TWJ’s On The Radar series is devoted to previewing upcoming shows. This edition is by our guest contributor Allison. She recently saw The Blow at CMJ in New York, and here she lets you know what to expect if you attend The Blow’s upcoming show in Columbus on Friday. Or any of them, for that matter.
In the end, if it’s a good show, does it matter? This was my conclusion when The Blow performed a showcase at CMJ. And while that show is long gone, those in the Cap-City have the privilege of seeing her in the very intimate Wexner Center on November 12.
Khaela Maricich aka The Blow makes it fairly apparent that her musical talent is on par with her acting skills.
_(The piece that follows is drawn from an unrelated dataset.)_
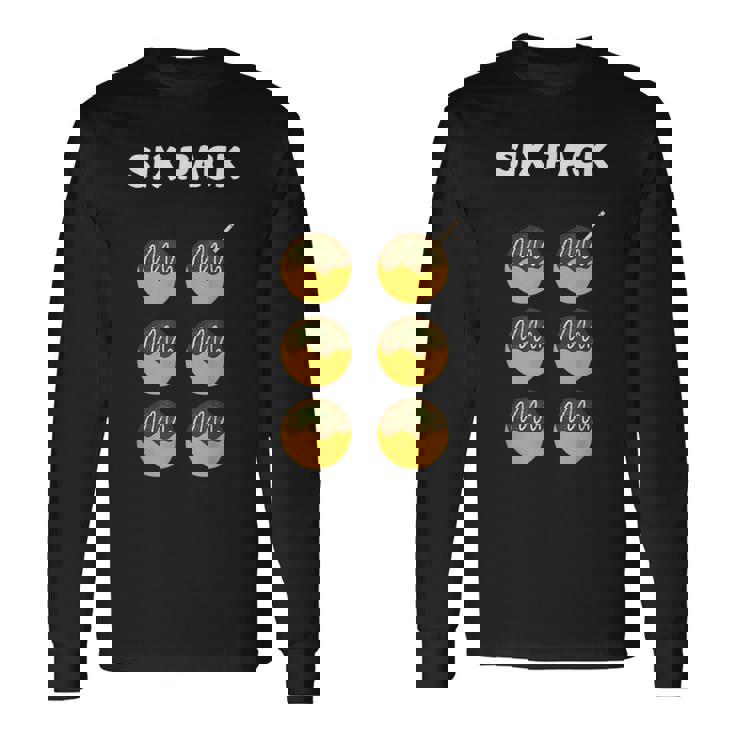 【シックスパック】腹筋 たこ焼き 面白い ジム用 トレーニングウェア ギャグ ウケ狙い 贈り物 ギフト 長袖Tシャツ ギフトのアイデア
The show opens with one spotlight beaming on the lithe blonde standing at center stage. She looks somewhat unsure as she rhythmically tap the mic. What appears to be testing the sound turns out to be an a cappella opening song. Here she unhooks the mic and launches into story telling where everything from her love life to the audience is up for review.
But The Blow isn’t a solo act. Jona Bechtolt (from YACHT) served as the behind the scenes brainchild for the catchy electro-pop sound. Though no longer part of The Blow, Bechtolt’s simplistic beats augment the story being told in lyrics. Music cues from the sound board the result in a minimalist performance where all eyes are on Maricich sashaying across the stage in jerky, robotic movements.
The set focuses primarily on the 2006 album Paper Television with Maricich singing crowd favorites “Parentheses” and “True Affection.” My favorite song hands down is “Hey Boy” from 2004’s Poor Aim: Love Songs. It’s a simple story: girl-meets-boys, girl-talks-to-boy, girl-gives-phone-number, boy-never calls. We’ve all been through it but with her playful musings make light of her insecurities, “A. You’re gay/ B. You’ve got a girlfriend/ C. You kind thought I came on too strong or /D. I just wasn’t your thing/ No ring.” We’ve all had the same thoughts, right?
All boy-stands-up-girl aside, Maricich intermittently weaves a tale as the ghostwriter for Lindsay Lohan’s never released album. After talking in vague detail about “a certain celebrity” with “a certain DJ girlfriend,” Maricich pulls out gold studded platforms, readjusts her blousy top to be cinched at the waist and takes on the mannerisms of the supposed celebrity train wreck. For a few songs she tells the story of meeting with Lohan to craft an album about her love life with Samantha Ronson. After little set up, the crowd is priviledged to hear her demo “Up” which is supposedly penned after a candid conversation between LiLo and her mother. The song shows all marks of a catchy number one hit.
Maricich interacts with the crowd the way comedians do, pacing from one end of the stage to the other, asking questions and feeding off of the reaction from the crowd. There is an intimacy that while you’re convinced it’s an act, her immediate charm is impressive. She’s comfortable on stage but at the same time very willing to talk to the audience like it’s a one-on-one conversation.
So here’s what to expect should you (and you should) go see The Blow on Friday. Be ready to be wooed. Her slightly self-deprecating artistic humor makes her vulnerable while her sharp wit will make you realize that she knows exactly what she’s doing. She’s making you fall in love.